Ah, que la vie est dure! Durant notre virée au Panama, nous avons brisé la courroie serpentine, pièce essentielle de notre véhicule. Petite affaire, direz-vous? Un paquet de troubles, je vous répondrais. Nous avons réussi à trouver une courroie de dépannage qui nous a permis de revenir, mais celle-ci étant trop étroite ne permet pas au moteur de déployer toute sa puissance. Nous devons donc renoncer à plusieurs visites prévues, dont les sites archéologiques de Tikal et de Copán, au Guatemala et au Honduras, car nous devrions alors cheminer dans des montagnes de 1 500 mètres d’altitude.

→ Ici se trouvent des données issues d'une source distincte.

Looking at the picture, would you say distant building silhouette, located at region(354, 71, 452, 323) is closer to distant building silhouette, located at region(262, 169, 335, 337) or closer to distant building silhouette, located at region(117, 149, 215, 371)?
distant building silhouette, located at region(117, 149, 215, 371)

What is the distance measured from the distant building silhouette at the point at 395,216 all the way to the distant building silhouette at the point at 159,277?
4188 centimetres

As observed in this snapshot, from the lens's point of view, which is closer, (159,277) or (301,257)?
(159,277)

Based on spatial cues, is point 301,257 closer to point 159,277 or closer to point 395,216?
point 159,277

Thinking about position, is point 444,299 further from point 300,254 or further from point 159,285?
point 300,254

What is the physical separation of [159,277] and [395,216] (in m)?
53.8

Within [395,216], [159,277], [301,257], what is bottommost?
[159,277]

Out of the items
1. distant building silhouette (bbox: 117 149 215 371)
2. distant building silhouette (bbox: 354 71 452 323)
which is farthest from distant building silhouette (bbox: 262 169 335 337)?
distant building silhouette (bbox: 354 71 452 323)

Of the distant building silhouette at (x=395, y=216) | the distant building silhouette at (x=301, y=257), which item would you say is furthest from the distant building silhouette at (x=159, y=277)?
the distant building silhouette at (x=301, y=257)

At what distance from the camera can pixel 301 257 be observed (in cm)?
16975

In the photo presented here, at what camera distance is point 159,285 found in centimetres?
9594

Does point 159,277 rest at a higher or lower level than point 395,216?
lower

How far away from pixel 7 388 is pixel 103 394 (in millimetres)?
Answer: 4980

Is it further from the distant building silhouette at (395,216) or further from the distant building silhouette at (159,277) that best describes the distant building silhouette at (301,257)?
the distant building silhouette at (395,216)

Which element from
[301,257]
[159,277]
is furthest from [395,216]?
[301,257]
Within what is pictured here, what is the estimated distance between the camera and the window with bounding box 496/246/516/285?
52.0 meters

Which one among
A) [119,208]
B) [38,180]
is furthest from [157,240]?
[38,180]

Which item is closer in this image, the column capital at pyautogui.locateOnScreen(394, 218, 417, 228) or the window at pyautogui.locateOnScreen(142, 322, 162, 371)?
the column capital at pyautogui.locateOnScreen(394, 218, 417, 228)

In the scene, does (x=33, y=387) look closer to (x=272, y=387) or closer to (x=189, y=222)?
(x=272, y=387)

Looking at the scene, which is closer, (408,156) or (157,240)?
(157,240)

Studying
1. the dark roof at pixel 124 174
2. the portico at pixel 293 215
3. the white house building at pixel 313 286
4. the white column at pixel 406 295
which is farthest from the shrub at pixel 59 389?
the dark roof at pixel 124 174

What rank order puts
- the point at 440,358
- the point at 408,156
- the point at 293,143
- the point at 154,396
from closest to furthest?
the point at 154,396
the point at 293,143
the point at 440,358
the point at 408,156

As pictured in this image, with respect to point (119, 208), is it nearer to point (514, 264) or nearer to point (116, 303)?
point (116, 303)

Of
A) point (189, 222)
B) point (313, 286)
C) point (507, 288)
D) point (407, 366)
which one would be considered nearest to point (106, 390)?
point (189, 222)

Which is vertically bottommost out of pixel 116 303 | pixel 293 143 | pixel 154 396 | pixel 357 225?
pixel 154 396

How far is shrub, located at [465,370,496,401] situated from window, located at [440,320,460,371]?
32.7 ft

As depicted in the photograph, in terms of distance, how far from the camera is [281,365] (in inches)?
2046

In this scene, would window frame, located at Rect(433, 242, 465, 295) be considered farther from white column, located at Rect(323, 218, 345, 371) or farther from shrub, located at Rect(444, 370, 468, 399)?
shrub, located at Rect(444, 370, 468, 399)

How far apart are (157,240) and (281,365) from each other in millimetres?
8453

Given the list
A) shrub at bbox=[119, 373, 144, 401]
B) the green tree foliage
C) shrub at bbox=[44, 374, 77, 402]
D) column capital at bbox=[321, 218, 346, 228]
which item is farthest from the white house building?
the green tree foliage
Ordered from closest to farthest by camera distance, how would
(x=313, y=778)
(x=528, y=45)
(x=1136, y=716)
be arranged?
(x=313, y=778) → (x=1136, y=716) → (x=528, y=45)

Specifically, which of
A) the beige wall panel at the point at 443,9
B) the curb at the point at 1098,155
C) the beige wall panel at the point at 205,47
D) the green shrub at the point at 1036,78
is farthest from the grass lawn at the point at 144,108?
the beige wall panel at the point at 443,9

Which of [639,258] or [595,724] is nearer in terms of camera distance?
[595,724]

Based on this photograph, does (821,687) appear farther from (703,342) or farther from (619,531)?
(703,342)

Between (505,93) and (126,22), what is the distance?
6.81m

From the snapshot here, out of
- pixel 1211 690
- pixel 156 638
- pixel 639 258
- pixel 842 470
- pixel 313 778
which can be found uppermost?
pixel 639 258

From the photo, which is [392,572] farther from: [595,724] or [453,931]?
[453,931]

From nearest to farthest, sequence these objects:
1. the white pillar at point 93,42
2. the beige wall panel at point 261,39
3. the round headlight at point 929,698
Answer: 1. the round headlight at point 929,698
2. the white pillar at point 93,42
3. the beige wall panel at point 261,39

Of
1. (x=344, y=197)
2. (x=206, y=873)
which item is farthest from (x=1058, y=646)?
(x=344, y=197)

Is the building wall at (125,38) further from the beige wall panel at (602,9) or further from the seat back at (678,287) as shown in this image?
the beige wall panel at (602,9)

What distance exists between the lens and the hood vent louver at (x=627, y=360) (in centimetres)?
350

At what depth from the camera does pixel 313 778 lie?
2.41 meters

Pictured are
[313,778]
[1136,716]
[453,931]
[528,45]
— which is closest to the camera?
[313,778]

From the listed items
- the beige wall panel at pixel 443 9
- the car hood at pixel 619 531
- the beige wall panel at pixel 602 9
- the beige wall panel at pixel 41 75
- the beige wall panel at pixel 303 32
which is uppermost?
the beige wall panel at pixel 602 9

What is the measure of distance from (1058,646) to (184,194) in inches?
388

À contrecoeur, nous prenons donc la décision de rentrer au Mexique en suivant la côte du Pacifique, donc la plaine. Il faut ajouter aux ennuis mécaniques et aux bris de la caravane portée, la fatigue physique et morale, car visiter ces pays du Tiers-monde, où tous les jours on côtoie une extrême pauvreté, ne va pas sans nous remuer intérieurement. Les gens vivent dans des maisons aux murs de tôle, et même de boîtes de bananes. Ils sont si pauvres que lorsque nous donnons quelques córdobas ou quelques lempiras, nous avons l’impression de jeter une goutte d’eau dans un sol desséché et quand un enfant ou un vieillard prend cet argent tenu entre vos doigts, il vous arrache une partie du cœur.

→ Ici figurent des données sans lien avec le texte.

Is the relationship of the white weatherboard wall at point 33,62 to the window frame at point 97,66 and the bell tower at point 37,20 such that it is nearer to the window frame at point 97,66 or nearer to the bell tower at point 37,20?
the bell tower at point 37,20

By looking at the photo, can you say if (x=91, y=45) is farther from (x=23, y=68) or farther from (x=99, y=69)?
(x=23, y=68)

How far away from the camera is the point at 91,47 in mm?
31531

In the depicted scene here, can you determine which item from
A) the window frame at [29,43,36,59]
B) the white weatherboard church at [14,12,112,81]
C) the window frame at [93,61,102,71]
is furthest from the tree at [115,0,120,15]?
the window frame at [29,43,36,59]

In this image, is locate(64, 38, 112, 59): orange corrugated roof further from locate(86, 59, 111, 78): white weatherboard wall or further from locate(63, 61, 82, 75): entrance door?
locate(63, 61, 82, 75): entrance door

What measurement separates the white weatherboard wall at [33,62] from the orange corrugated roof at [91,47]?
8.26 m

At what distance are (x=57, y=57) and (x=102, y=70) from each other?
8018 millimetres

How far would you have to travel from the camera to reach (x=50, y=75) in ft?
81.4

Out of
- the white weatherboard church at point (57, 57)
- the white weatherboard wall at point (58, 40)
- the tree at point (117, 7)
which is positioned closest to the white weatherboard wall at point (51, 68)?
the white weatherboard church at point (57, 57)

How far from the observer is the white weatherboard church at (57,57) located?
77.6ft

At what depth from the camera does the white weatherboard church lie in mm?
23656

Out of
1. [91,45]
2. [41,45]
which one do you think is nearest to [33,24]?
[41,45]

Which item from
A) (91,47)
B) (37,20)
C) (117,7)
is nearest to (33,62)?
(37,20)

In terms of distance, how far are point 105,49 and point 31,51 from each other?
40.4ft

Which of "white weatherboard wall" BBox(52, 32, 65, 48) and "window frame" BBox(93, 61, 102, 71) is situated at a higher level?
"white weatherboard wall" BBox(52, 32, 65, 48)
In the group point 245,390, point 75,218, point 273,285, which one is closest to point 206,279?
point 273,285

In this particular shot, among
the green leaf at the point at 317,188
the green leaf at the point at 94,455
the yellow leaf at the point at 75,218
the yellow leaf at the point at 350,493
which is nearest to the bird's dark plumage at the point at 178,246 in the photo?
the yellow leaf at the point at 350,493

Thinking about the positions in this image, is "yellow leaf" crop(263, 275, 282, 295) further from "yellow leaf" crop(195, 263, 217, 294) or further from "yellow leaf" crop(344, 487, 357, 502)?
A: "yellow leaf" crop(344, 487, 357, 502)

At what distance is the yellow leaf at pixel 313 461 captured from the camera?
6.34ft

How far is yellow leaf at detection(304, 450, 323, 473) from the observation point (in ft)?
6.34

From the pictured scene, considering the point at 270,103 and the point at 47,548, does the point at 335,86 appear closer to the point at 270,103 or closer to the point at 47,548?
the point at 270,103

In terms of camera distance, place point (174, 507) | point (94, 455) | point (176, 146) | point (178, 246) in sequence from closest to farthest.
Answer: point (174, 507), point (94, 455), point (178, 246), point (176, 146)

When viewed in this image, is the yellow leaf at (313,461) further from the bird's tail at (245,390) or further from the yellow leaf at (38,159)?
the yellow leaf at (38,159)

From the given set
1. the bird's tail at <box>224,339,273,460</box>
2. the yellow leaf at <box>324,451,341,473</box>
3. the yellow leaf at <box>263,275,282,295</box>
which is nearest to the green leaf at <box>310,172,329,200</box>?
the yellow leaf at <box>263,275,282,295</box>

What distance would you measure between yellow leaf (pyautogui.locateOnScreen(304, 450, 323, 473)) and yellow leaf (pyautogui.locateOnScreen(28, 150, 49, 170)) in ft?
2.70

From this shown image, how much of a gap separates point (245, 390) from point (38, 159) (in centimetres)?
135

Comme il nous presse d’entrer au pays du président Calderón, nous attaquons les frontières en commençant par El Amatillo, la terrible; elle a mauvaise réputation, car ici la procédurite est endémique. Notre surprise est totale. Ce matin-là, un officier des douanes du Honduras – s’étant levé du bon pied, faut-il croire – nous prend en charge et nous pilote à travers les dédales du poste frontière. Il fait diligence et, une demi-heure plus tard, nous sommes prêts à nous frotter aux officiels du Salvador où une panne du système informatique nous retarde d’une bonne heure.